I've got a simple client server set up where it seems like TCP packets I'm sending from the client are not arriving at the server.
Normally everything works fine, but when I spin up 50 threads on the client to hit the server "simultaneously" with the same small data packet (which is only 39 bytes), a random number of times the server is not receiving all bytes. Even stranger, is that it is very consistent in how it doesn't receive them... only 5 bytes are received.
I'm using tcpdump and tcpflow to capture what is going on at both ends (if not familiar with tcp flow, it removes the massive amount of TCP SYN/ACK/FIN/etc noise from the TCP stream and just shows you data sent in either direction).
On the client side, for 50 threads firing off the 39 byte packet, it looks perfect. Specifically, tcpflow (which uses libpcap) shows me 50 identical data transfers:
07 B6 00 01 | 00 1E 00 00 | <etc>
As I understand it, libpcap/tcpdump get data from a pretty low level (below the TCP stack) so I take this to mean that the data was sent ok, or at least was not stuck in the kernel buffers.
However, when looking at the server side, all is not perfect. A random number are failing, and it is a high percentage. For example, out of the 50 socket connections, 30 will work fine, but for 20 of them I have a protocol failure where the server's socket.recv
times out waiting for bytes (the protocol indicates exact packet length).
It is VERY consistent in how it fails. For the 30/20 case, 30 of the sockets perfectly receive the transmitted 39 bytes. The remaining 20 ALL receive this partial data, after which my socket.recv
times out:
07 B6 00 01 | 00
Only 5 bytes are arriving for each of the 20 connections, and it seems to be at the kernel level since tcpdump is only showing 5 bytes arriving as well.
How can this happen?
This 5-byte boundary is not 100% coincidence. It is the first part of a header, and the 34 byte payload comes next, but is not arriving. On the client side it is split like this.

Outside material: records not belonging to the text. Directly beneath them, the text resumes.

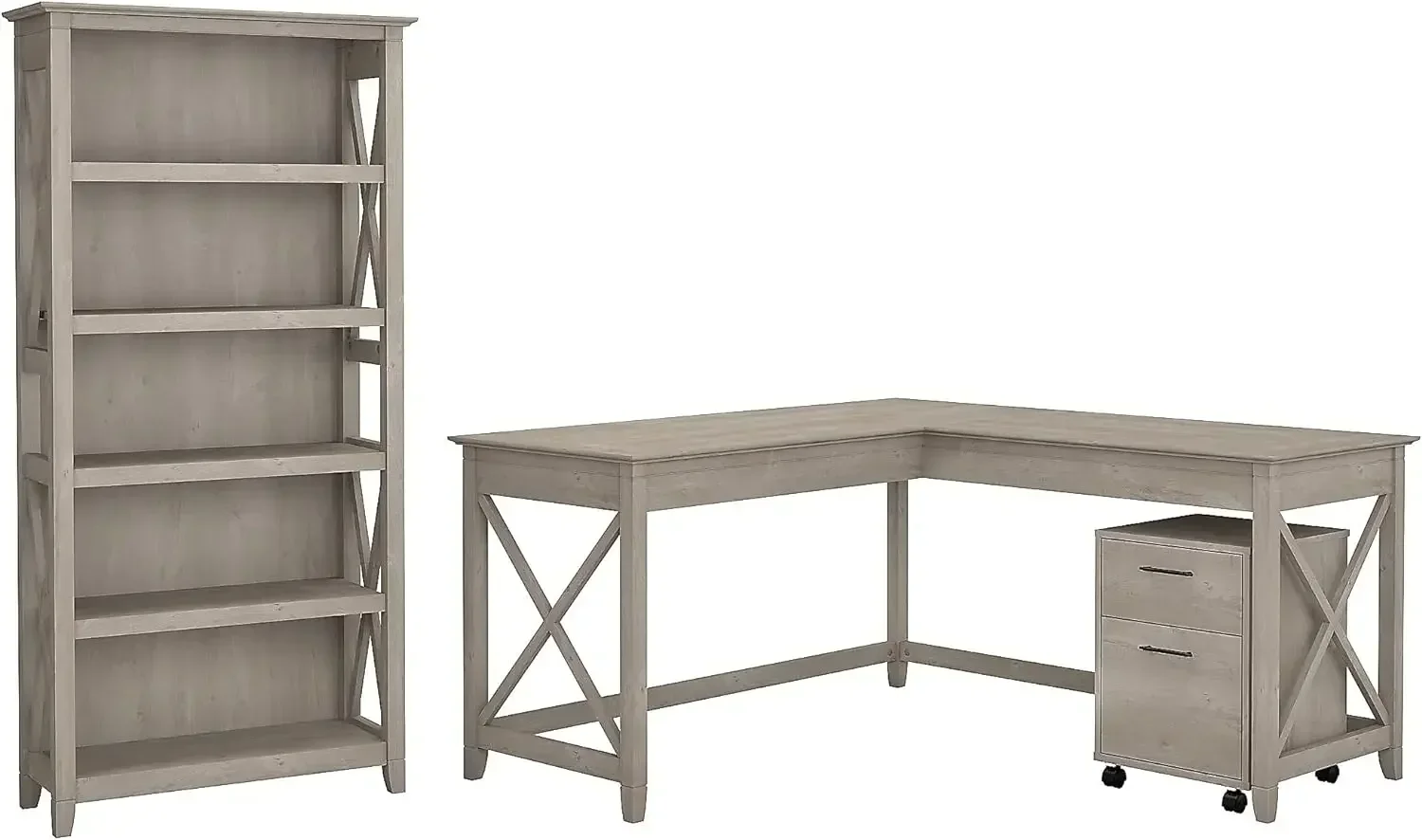 Key West 60W L Shaped Desk with 2 Drawer Mobile File Cabinet and 5 Shelf Bookcase in Washed Gray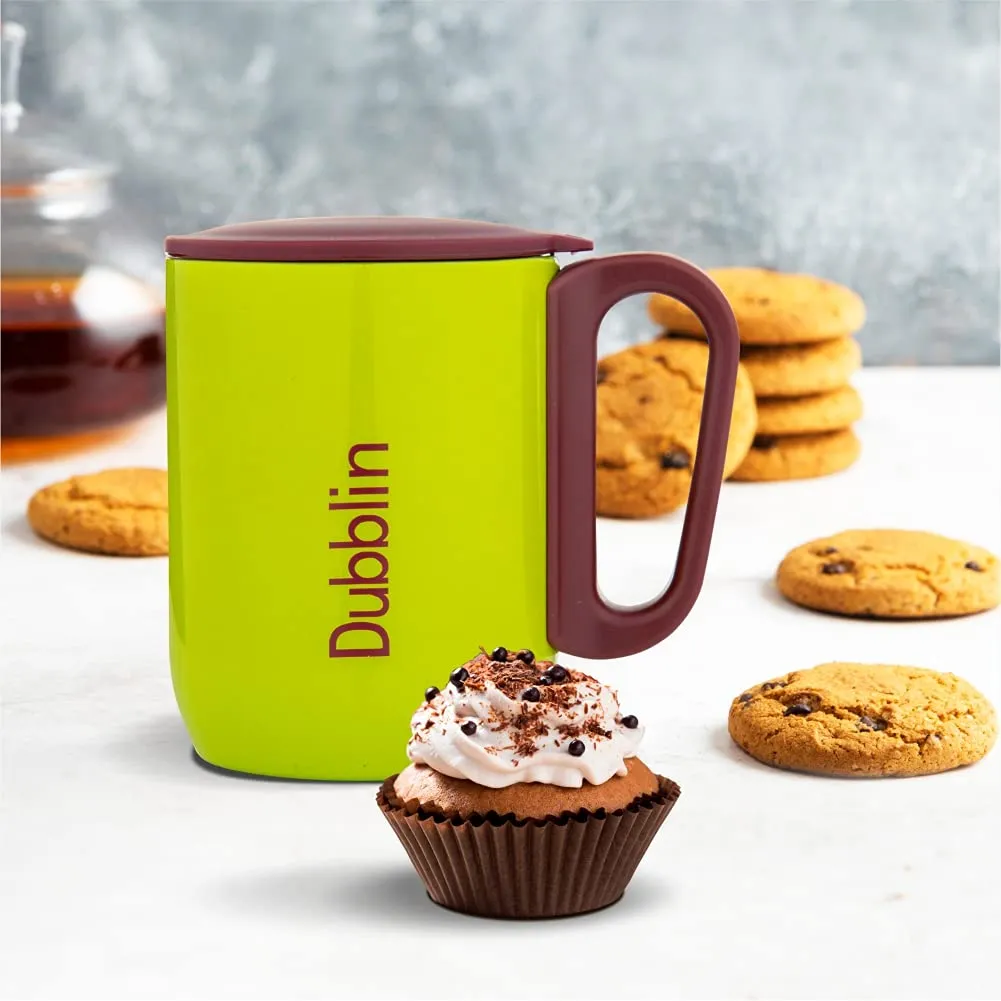DUBBLIN Polo Stainless Steel Unbreakable Tea Coffee Mug Double Wall Insulated with Handle and Lid, Wide Mouth Mug Keeps Beverages Hot & Cold 220 ML Parrot Green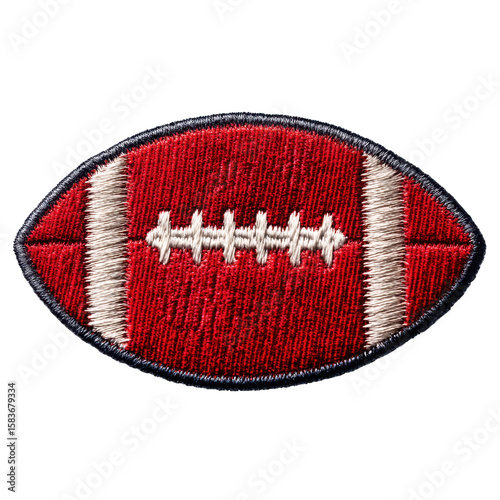 Photo of an Embroidered Football Patch on Black Background - American Football, Sports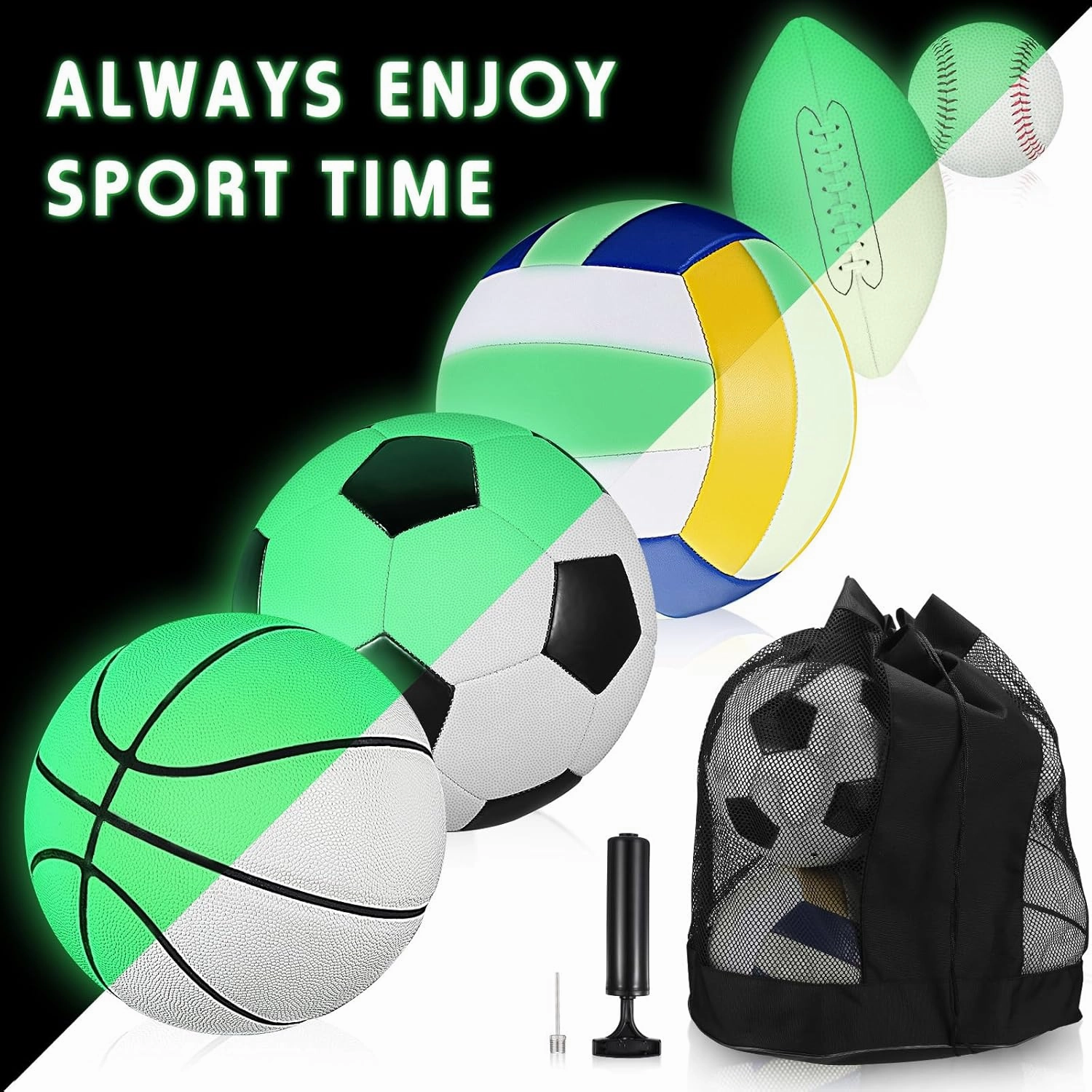 Sratte 5 Pcs Glow in The Dark Sport Ball Set Official Size Football Basketball Soccer Ball Volleyball Baseball with Carry Bag and Pump for Youth Adult Gift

sock = socket.socket(socket.AF_INET, socket.SOCK_STREAM)
sock.connect((HOST, PORT))
sock.sendall(HEADER) # 5 bytes
sock.sendall(PAYLOAD) #34 bytes
and both sock.sendall
calls complete successfully in every thread, as is proven my the tcp logging shows that all 50 runs send 39 bytes "out the door" perfectly.
Any ideas on the root cause of this? What am I missing?